= John Johnston (poet) =

Scottish poet

John Johnston (c.1570–1611) was a Scottish poet.

==Life==
He was born not later than 1570. He styled himself Aberdonensis, i.e. "from Aberdeen". After studying at King's College, Aberdeen, he spent eight years at continental universities, sending home in 1587 from the University of Helmstadt a manuscript copy of George Buchanan's Sphæra, along with two of his own epigrams. At the University of Rostock he formed a lasting friendship with Justus Lipsius.
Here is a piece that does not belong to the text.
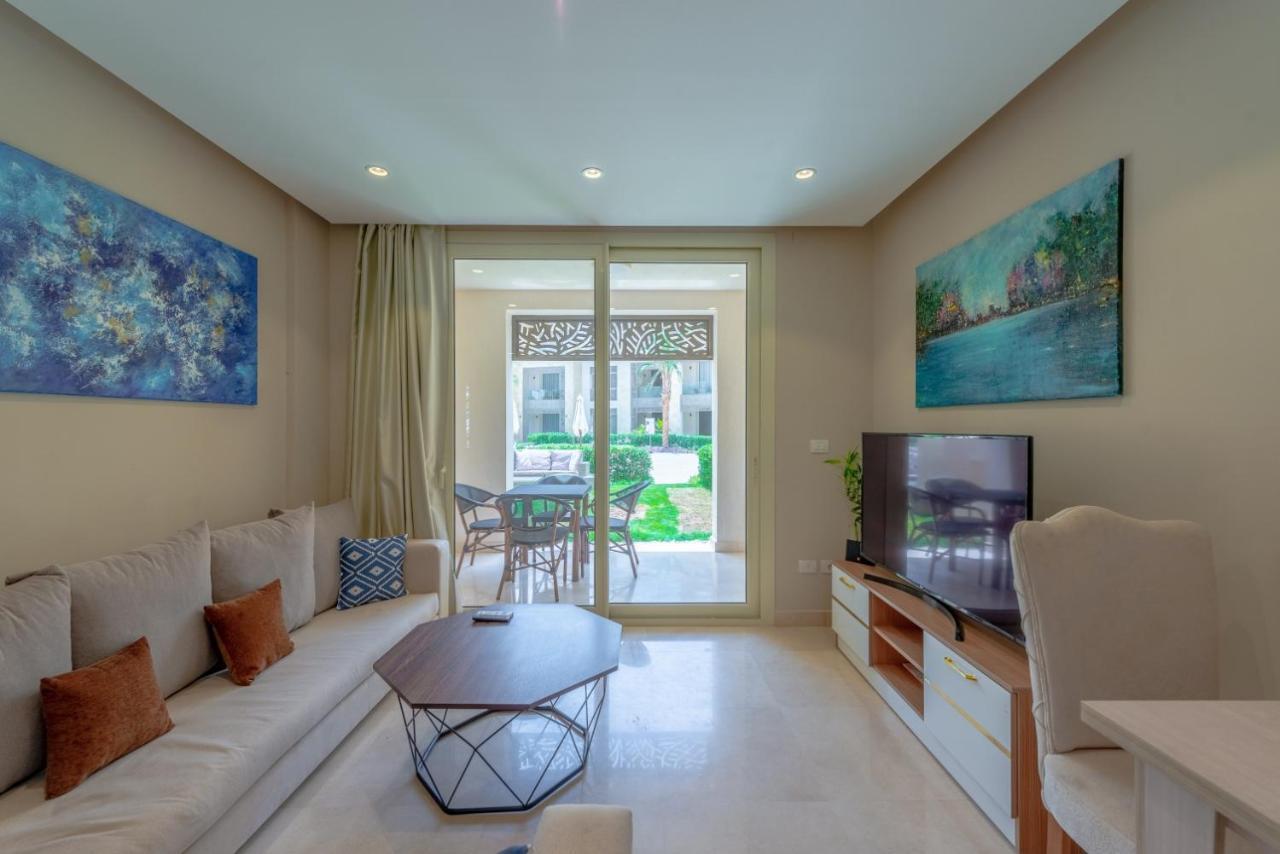 Cozy 1-bedroom In Mangroovy, El Gouna. Private Terrace, Garden And Pool Access Appartement *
The influence of Andrew Melville may have helped Johnston to obtain the professorship of divinity at the University of St Andrews, about 1593. His career became closely linked with Melville's. In 1598, when the general assembly of the Scottish church was sitting at Dundee, both were ordered from the town together, because of their opposition to church representation in parliament. In 1603 they jointly appealed with success to Philippe de Mornay against a decision of the synod of Gap on a polemical question. Johnston had been offered the position of second minister in Haddington, East Lothian, but he retained his university chair till his death in October 1611. Johnston's wife, Catharine Melville, and two children predeceased him, and he enshrined their memories in epigrams.

==Works==
In 1602 Johnston published at Amsterdam Inscriptiones Historicæ Regum Scotorum, continuata annorum serie a Fergusio I. ad Jacobum VI.; præfixus est Gathelus, sive de gentis origine Fragmentum Andreæ Melvini; additæ sunt icones omnium regum nobilis Familiæ Stuartorum. The Inscriptiones are a series of epigrammatic addresses to the Scottish kings from Fergus I to James VI; to the latter the work is dedicated. It was followed by a similar work, Heroes ex omni Historia Scotica lectissimi, Leyden, 1603. Both series are included in Arthur Johnston's Deliciæ Poetarum Scotorum. Johnston's other works were:

- Consolatio Christiana sub Cruce, et Iambi de Felicitate Hominis Deo reconciliati, Leyden, 1609.
- Iambi Sacri, Leyden, 1611.
- Tetrasticha et Lemmata Sacra, item Cantica Sacra, item Icones Regum Judæ et Israelis, Leyden, 1612.

He also wrote an unpublished work on Scottish and English martyrs, and he contributed to William Camden's Britannia epigrams on Scottish towns. Letters of his occur in Camden's correspondence and in Robert Wodrow's Life of Robert Boyd, one of which shows that some of his writings were printed at Saumur.